Top of Listed entries

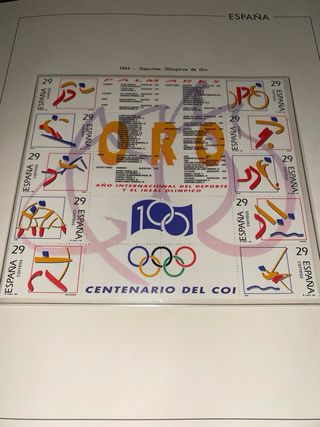 Colección sellos de España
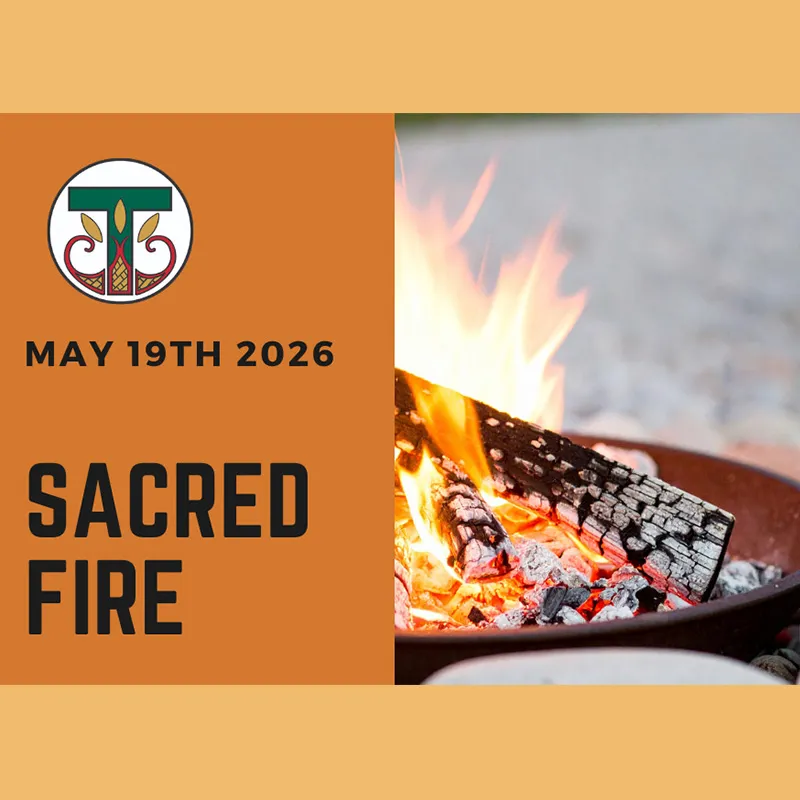 Graphic of Sacred Fire event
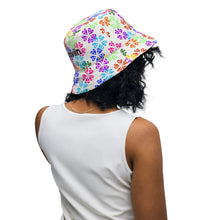 Load image into Gallery viewer, DRIIVIIN Reversible Flower Logo bucket hat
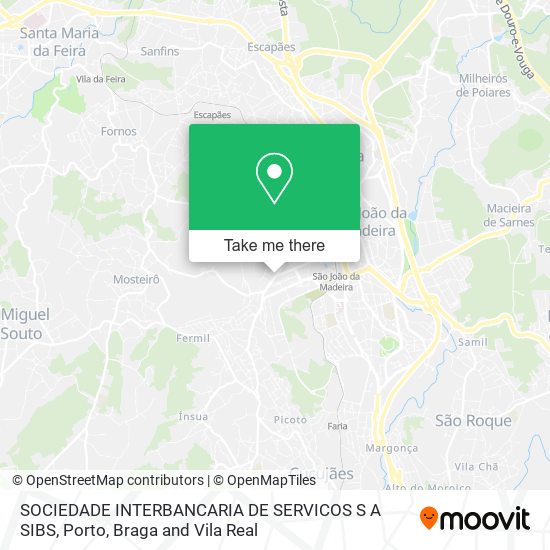 SOCIEDADE INTERBANCARIA DE SERVICOS S A SIBS mapa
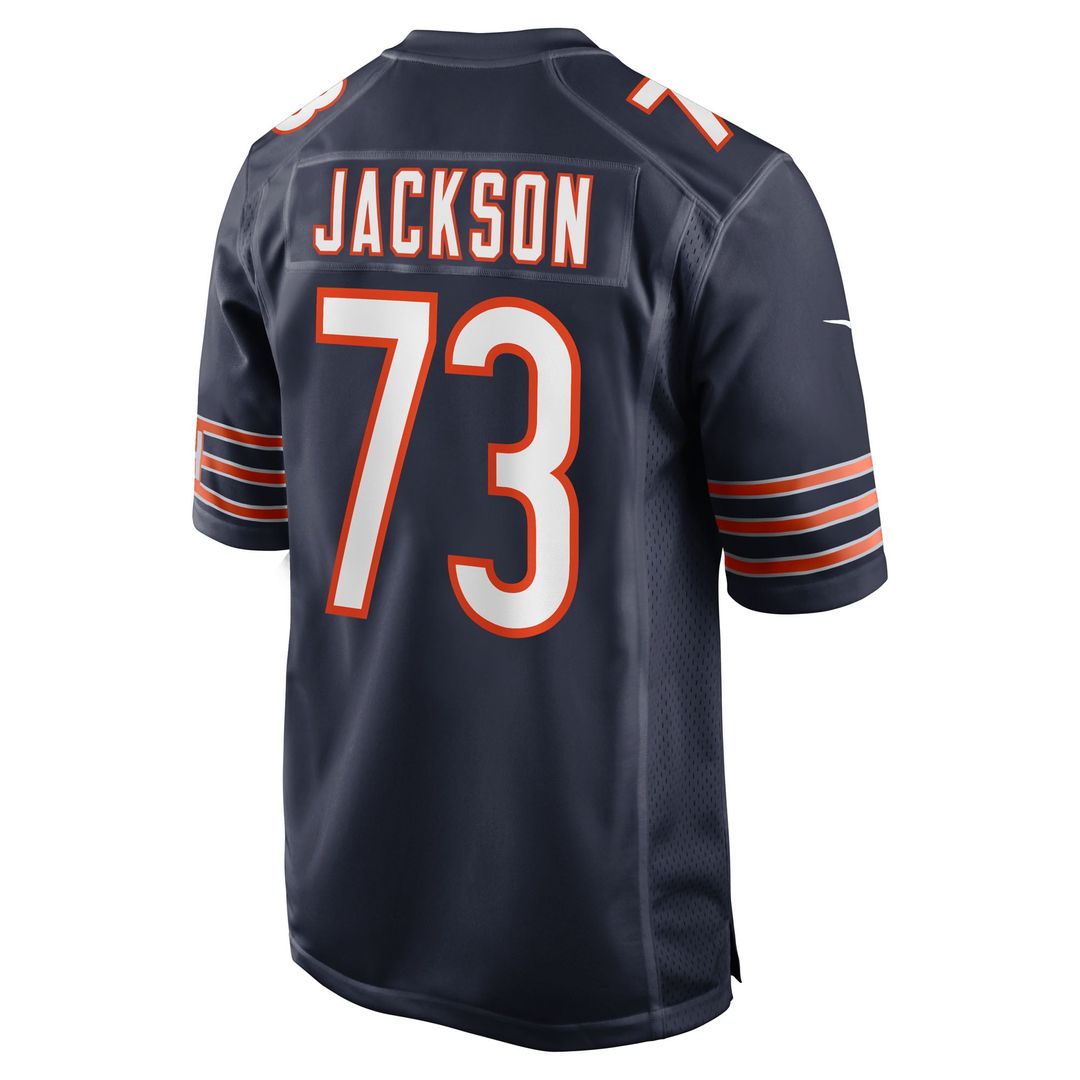 Men's Nike Chicago Bears Jonah Jackson Navy Team Game NFL Jersey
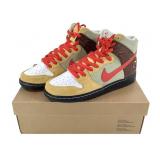 Nike SB Dunk High Pro ISO Topaz Gold / Red Mens 10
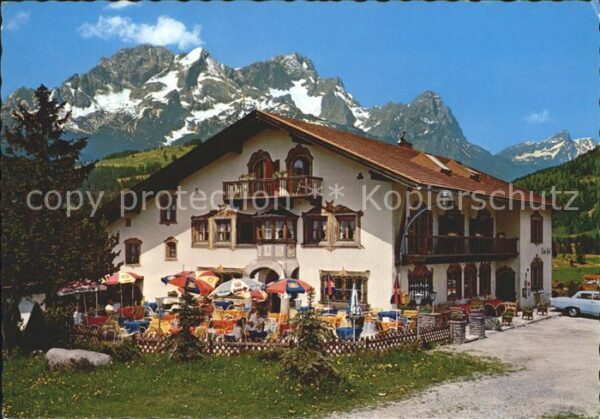 Mittenwald Bayern Hotel Toni Hof Alpenblick Huber Karte N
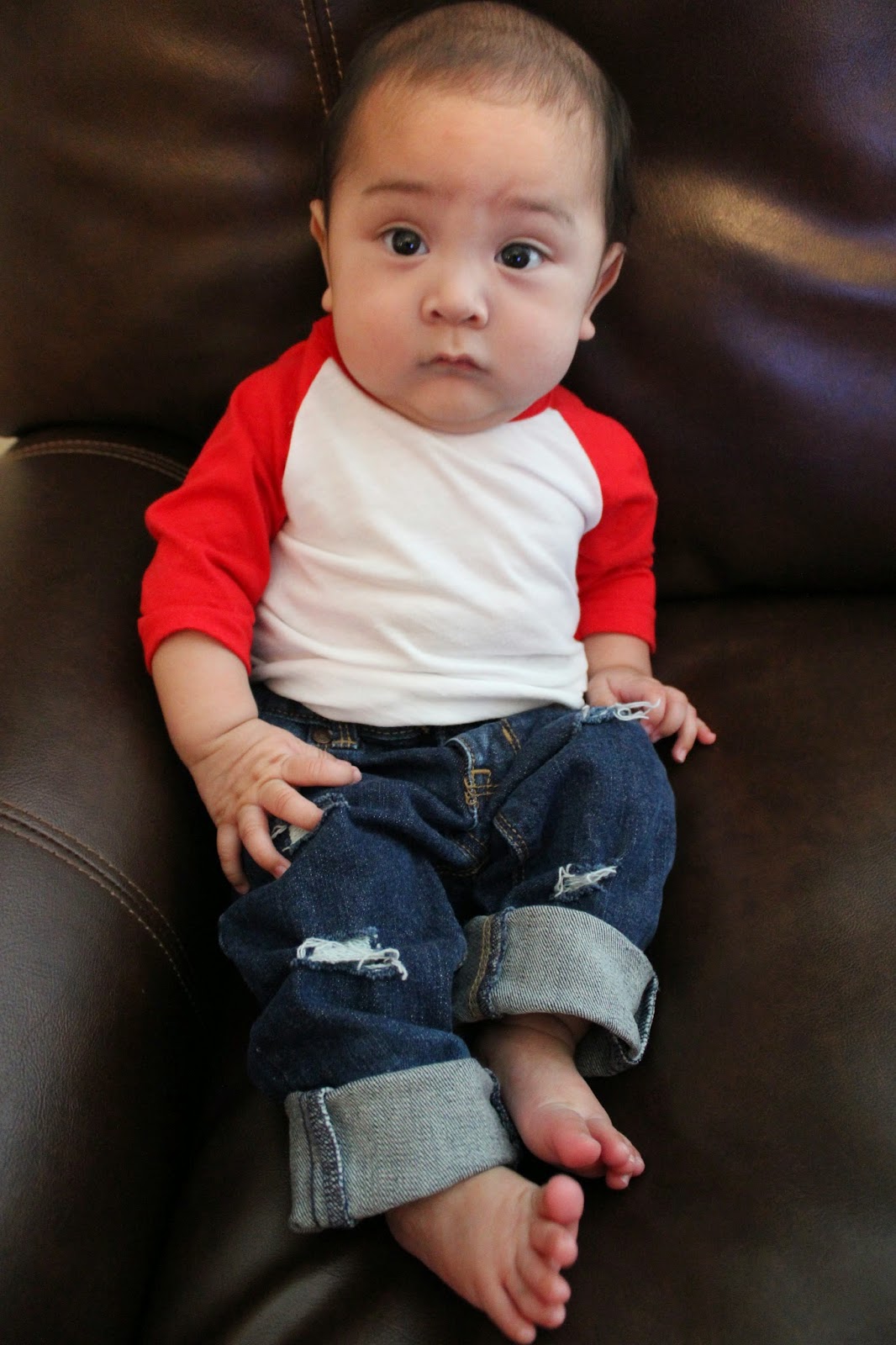 Domesticated Diva DIY Distressed Baby Jeans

Bottom of Listed entries

Go to the line with "Men's Nike Chicago" in the entries above. Reproduce that line and each one after it to the end, exactly and without the pictures.

**Solution:**
 Men's Nike Chicago Bears Jonah Jackson Navy Team Game NFL Jersey
 Nike SB Dunk High Pro ISO Topaz Gold / Red Mens 10
 Mittenwald Bayern Hotel Toni Hof Alpenblick Huber Karte N
 Domesticated Diva DIY Distressed Baby Jeans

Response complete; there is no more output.